[Opening Data to examine section]
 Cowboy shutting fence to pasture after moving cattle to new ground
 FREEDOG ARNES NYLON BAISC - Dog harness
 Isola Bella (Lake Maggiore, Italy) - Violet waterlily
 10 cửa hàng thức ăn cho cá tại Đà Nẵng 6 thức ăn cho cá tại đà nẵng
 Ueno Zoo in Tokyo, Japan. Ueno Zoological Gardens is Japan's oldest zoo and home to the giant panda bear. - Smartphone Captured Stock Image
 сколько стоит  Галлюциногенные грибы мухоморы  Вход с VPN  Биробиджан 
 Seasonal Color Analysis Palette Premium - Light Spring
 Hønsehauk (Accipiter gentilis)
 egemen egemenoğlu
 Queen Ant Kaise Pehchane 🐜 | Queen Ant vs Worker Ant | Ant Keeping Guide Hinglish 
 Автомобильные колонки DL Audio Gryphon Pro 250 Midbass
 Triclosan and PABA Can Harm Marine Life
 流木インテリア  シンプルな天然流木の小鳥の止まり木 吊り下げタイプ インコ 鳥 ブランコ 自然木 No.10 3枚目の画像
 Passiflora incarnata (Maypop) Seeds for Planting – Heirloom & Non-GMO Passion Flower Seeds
[Closing Data to examine section]
- **Work required**
Set out exactly the run of lines that begins at the line holding "Queen Ant Kaise" and ends at the last line of the data.

- **Solution**
 Queen Ant Kaise Pehchane 🐜 | Queen Ant vs Worker Ant | Ant Keeping Guide Hinglish 
 Автомобильные колонки DL Audio Gryphon Pro 250 Midbass
 Triclosan and PABA Can Harm Marine Life
 流木インテリア  シンプルな天然流木の小鳥の止まり木 吊り下げタイプ インコ 鳥 ブランコ 自然木 No.10 3枚目の画像
 Passiflora incarnata (Maypop) Seeds for Planting – Heirloom & Non-GMO Passion Flower Seeds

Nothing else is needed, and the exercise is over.